Consultar podría ser una salida
Eterno malentendido
Dos hablan y deshablan en los pasillos de un lenguaje que va poniendo esclusas a las salidas de emergencia. Y en sus esfuerzos por decir lo que se quiere, cuanto más se diga, menos se consigue dar un nombre a lo buscado. Si decimos lo esperable, la eficacia nos dirá que se ha dado una interlocución más o menos exitosa.
Reclamar haber sido comprendidos en lo que creímos haber dicho es la pretensión de los hablantes, fatídica pretensión que nos revela en soledad. Perseguimos esa palabra que denota un sentido difuso, por el castigo de no entender del todo qué se dice cuando hablamos. Y hablamos para el otro y desde el otro, pero lo dicho no es un acto de fe ni una garantía para decir lo que buscamos, sino un anhelo o la poderosa ilusión de ser comprendidos en aquello que vamos enunciando. Alguien dijo poder adivinar que el otro deseaba alguna cosa, y descuenta lo que ocurre en ese turbio deseo que sospecha.
Sin embargo, la ventura de lo dicho como acierto apacigua la tragedia de no hallarnos nunca en la palabra justa que exprese la verdad. "He creído que querías decir esto", dirá alguno. ¿Dónde estarán las intenciones del decir lo que nunca pareciera decirse para el otro?.
Un hombre habla y se despoja de lo que no sabe o no quiere demostrar. La mujer sólo lo observa. Se arriman, se repelen, huelen a fría tosudez en una cruzada de precarios intentos y rebusques.
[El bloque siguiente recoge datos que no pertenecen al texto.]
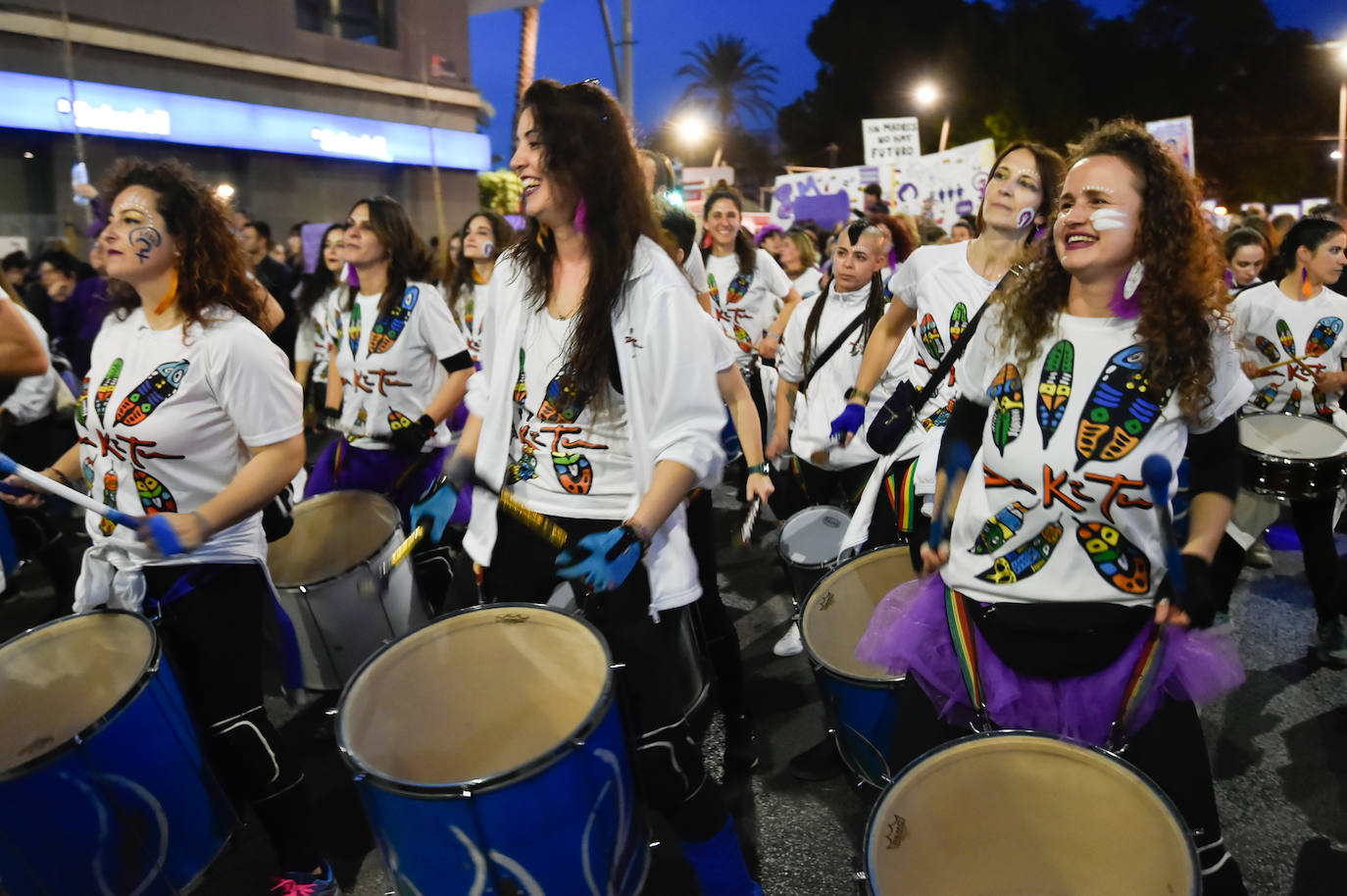 La manifestación del 8M en Murcia, en imágenes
"Dijo que dije", vuelve a aseverar. Toda la nostalgia, entonces, dará su zarpazo a la nueva decepción. "Ay, antes nos comprendíamos enseguida", asegura ella. Pero antes no había un antes, solamente sonidos en las sobras comibles de un plato recién hecho, un amanecer sin escampar porque no hacía falta comprender.
"Dijiste que dije", se obstina él, y el próximo sordo cuenta los cadáveres de sentido en ambas filas. Y será otra vez el malentendido, el obstinado "dijo que dije". Su versión es el pasaje por lecturas inconclusas y un siempre decirnos en la tregua.
Deseos que se achatan en subtextos y decenas de epístolas coladas por el círculo de la taza de café. Es una murga de aquello que fue dicho y ya no habla. Y de decir tanto, no diremos lo que falta para llenar ese vaciado de lo que nunca nos diremos.


En ritmos neoliberales las relaciones amorosas se consumen en sí mismas. Vínculos superfluos, temerosos, inconstantes, atravesados por una seducción histérica que sólo se detiene en las alambradas del otro, contempla y se marcha tras el rastro de un deseo que no cunde.
Seducción que no alcanza con ser esa muerte del objeto y su renacimiento como ilusión. Las histerias en varones y mujeres, indistintamente, improductivas, tediosas, displicentes. No hay adentro ni intimidad cálida sino merodeos aterrados por la ternura y el cuidado.
La cansina fluidez de los lazos liquidándose en amores eventuales, inconsistentes. Vaivenes en lo difuso de un presente que pretende ser fugacidad atrapada sin respetar la alteridad en sus esperas. Pareciera que se usa al otro para alimentar el narcisismo pero nunca para responsabilizarse de su estar expectante de la esperanza de ser correspondido. Impunidad de la histeria como moneda corriente.
El deseo se dispara en mercancías afectuosas, un valor de uso y de cambio, la algarabía de lo banal. Esa legalidad del mercado es el temor, el compromiso suspendido, la jugada retenida, los ambages y el refugio en uno mismo.
Todo se resume y se facilita pero desde afuera, en las distancias de las cápsulas virtuales que entibian los contactos humanos; no hay mordedura ni pasiones construídas sino alertas detrás de las ventanas del abismo individual.